◆ **EXERCISE BRIEF**:
Word for word, set down the lines from the one that holds "22K Gold Concentric Pavé Ring Stud Earrings" through the final line of the listing below, and exclude every picture.
*** Opening of STORED DATA ***
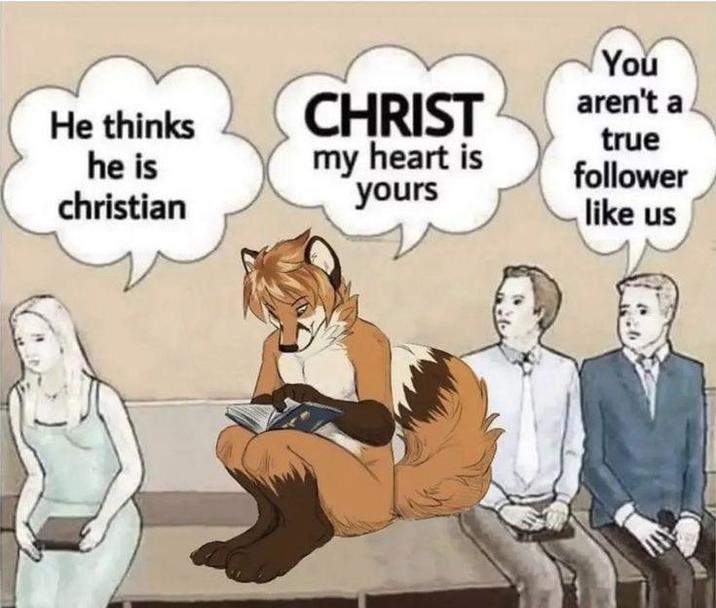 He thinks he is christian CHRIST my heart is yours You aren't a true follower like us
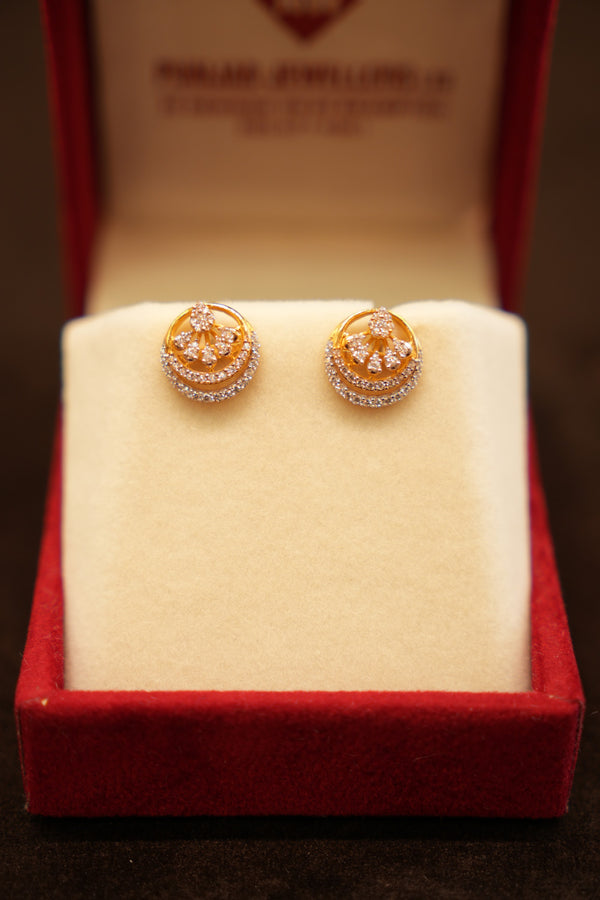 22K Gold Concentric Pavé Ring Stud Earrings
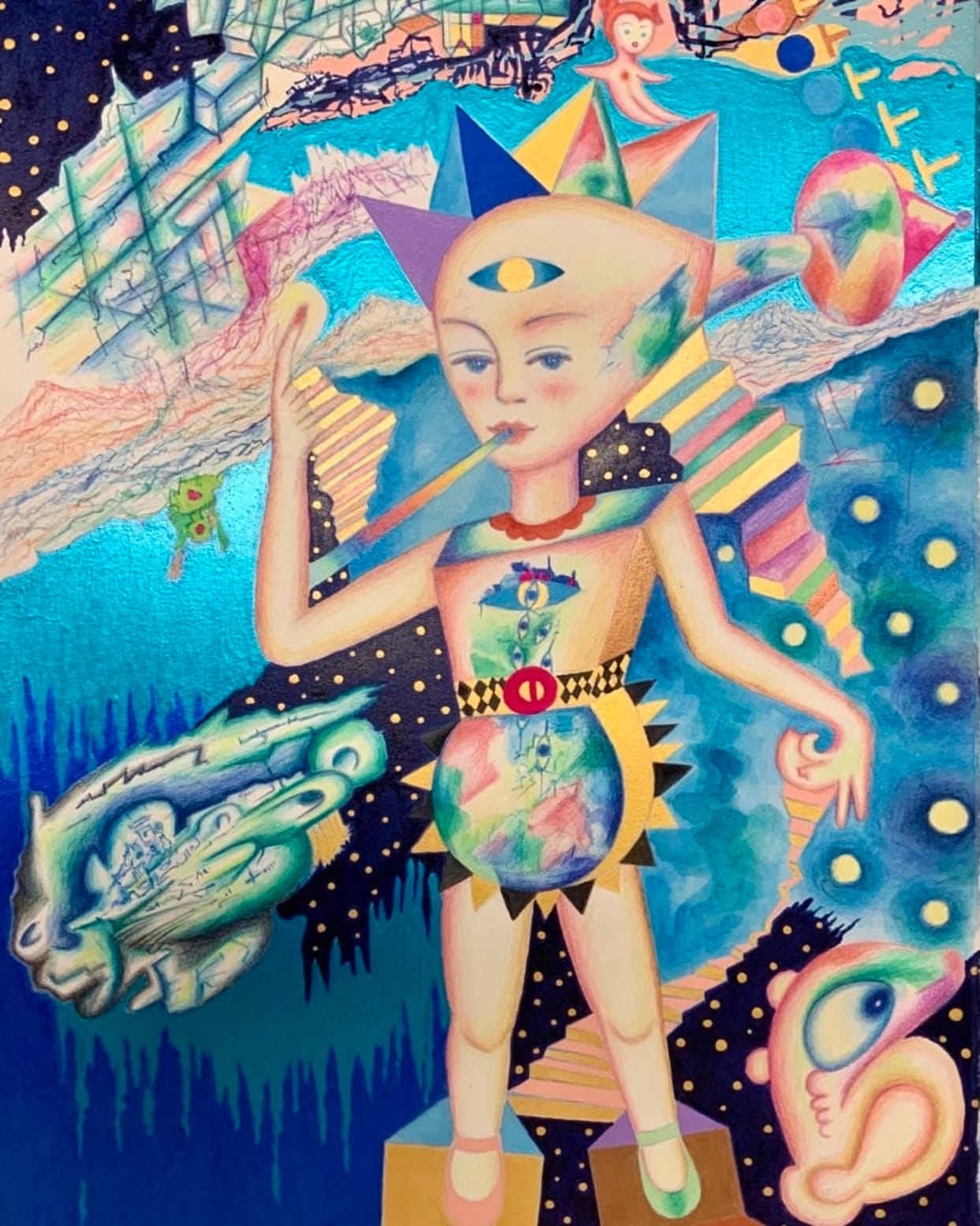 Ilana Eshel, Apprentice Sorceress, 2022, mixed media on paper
*** Close of STORED DATA ***
◆ **RESULT BELOW**:
 22K Gold Concentric Pavé Ring Stud Earrings
 Ilana Eshel, Apprentice Sorceress, 2022, mixed media on paper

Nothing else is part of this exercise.